I'm going on vacation for a couple of weeks, and I have the option of leaving my cockatiel at home, but I'm afarid he wont get enough out of the cage time and I dont want to burden my mom since she already has a lot to do, or I can take him to stay with a friend meanwhile, so is it better for him 2 stay in a familiar place, or is it better for him to go with my friend?

He's half tame and I'm worried he will become less tame if he stays home with noone to handle him daily, on the other hand will the move bother him? and if I decide to take it to my friends place, whats the best way to drive him there, will he be hot if I cover the cage ? is it ok to have the ac on in the car? 

Thanks


----------



## cookiemonster (Dec 30, 2010)

I sometimes drop Cookie off at my mom's place where he gets lots of fun times outside of his cage. Cookie may be strange, but he was totally fine living in an unfamiliar place for up to a couple of weeks. That being said, I'd recommend your bird staying at your friend's if that's ok with her.

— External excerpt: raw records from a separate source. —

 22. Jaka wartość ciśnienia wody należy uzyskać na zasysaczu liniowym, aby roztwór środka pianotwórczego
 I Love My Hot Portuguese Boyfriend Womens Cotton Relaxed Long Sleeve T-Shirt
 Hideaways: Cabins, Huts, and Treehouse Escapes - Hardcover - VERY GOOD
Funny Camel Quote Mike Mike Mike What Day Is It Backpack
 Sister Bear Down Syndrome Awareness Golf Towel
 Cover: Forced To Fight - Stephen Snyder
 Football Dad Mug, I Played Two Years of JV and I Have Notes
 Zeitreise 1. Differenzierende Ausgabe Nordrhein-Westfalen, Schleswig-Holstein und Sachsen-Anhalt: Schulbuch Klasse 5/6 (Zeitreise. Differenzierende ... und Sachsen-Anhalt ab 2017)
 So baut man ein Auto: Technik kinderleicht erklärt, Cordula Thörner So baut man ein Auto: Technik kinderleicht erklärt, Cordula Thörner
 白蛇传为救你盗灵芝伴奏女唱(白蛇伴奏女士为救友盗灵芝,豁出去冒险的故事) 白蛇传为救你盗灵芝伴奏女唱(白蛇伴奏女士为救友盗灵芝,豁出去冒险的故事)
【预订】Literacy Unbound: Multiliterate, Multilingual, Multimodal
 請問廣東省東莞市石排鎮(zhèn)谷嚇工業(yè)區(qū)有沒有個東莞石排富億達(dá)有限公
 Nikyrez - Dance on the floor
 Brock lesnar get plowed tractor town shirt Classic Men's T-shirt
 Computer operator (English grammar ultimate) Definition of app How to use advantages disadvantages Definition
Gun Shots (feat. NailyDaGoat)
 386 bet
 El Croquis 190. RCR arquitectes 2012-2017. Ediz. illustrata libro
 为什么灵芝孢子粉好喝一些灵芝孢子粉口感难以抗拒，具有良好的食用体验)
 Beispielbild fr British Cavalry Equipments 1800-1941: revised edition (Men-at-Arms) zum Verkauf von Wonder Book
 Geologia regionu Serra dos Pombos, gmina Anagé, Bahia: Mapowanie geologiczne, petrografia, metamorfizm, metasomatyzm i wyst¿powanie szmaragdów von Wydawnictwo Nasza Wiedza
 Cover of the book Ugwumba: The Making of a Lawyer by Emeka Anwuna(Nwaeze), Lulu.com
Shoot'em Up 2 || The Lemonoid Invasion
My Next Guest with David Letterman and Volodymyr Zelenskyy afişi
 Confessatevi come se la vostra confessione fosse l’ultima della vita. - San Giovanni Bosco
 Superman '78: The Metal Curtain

When I go to my mom's house, it's a 2.5 hour drive with Cookie. What I do is I make sure he eats and drinks until he's full right before the drive, I empty his cage of EVERYTHING (including water and food and toys) because things tend to fly everywhere in the car on a bumpy road. Instead, put something like fresh herbs in the cage like cilantro or parsley. 

And, this may be mean, but I keep Cookie up a couple of hours past his bedtime the night before. In the car, I put a blanket over the cage and he SLEEPS the whole way. :] So nice. 

I don't know why AC would ever be a problem though...


----------



## Valpo (Apr 22, 2011)

If I was going on long term vacation (4 days or more) I would leave Louise with my mom (who's got plenty of tiels of her own). 

If I was going to be gone 3 days or less I would just leave Louise at home and have my mom come and feed her and give her fresh water. 

I don't think I would take a bird on vacation with me. But thats just me.


----------



## Jac249 (May 19, 2011)

We dropped Tia off at the in laws when we went away for a week. The poor thing looked so heartbroken to be left there. She was so mad at us. Then we came back and if I'd walk away she'd fret terribly. I felt so bad. Luckily once we got her home she calmed down. It stressed her heaps to be away but at least she was in good hands and had someone to talk to throughout the day rather than just having someone for 20 mins while they do her food/water.


----------



## MeanneyFids (Aug 24, 2010)

i agree with Jac249 on this one


----------